Her dark eyes turn on him, earnest, "Do you want to live?"

"Yes," Aaron whispers. The word drains the last of his strength and even the effort of keeping his fingers curled around her hand is too much. When she tightens her grip, he closes his eyes and sleeps.

He's surprised when Kenneth is right. He's surprised there is no parched desert waiting for him behind his eyes.

And when he opens them again the room is dark. He's hungry. He hasn't been hungry since they gave him the injection. Aaron tries to move and realises that the weight of his hand isn't his. There's hardly any light, only the dim glow from the monitors Aaron is hooked up to. Enough for him to see with surprising clarity. Her slim fingers are draped over his hand, delicate as a bird's bones. Maybe not an angel, Aaron decides, but she was his guardian nonetheless. He will be hers.

He looks at the rest of her, twisted into a chair, asleep. Her neck will be in agony when she wakes up. He should move her. When Aaron stirs, her eyes open in a flash. She's half way out of her chair before Aaron catches her hand, "It's alright, Doc."

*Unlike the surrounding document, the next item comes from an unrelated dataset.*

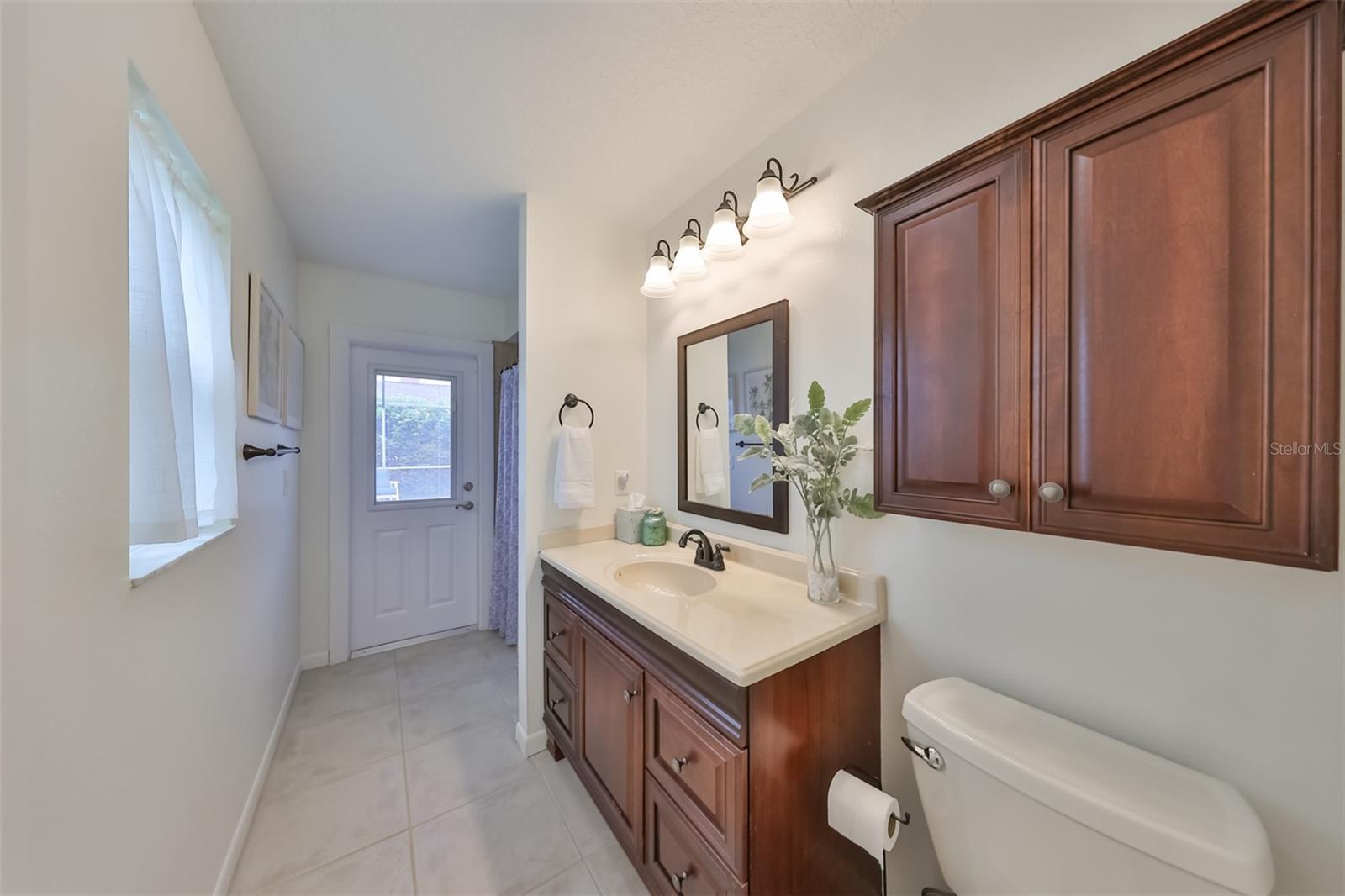 5836 WINDERMERE DR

She looks down at him, arches a brow. He's amused her. Aaron catches the irony. "Sorry, was that supposed to be your line?" She smiles. Aaron can look at that smile all day. But it's not directed at him anymore. She's looking out the dark window on his far side.

"It's raining," she says. He turns to the window, can see the rivulets running down the spotless glass.

"Yeah, it is." It's raining in the desert. Aaron smiles.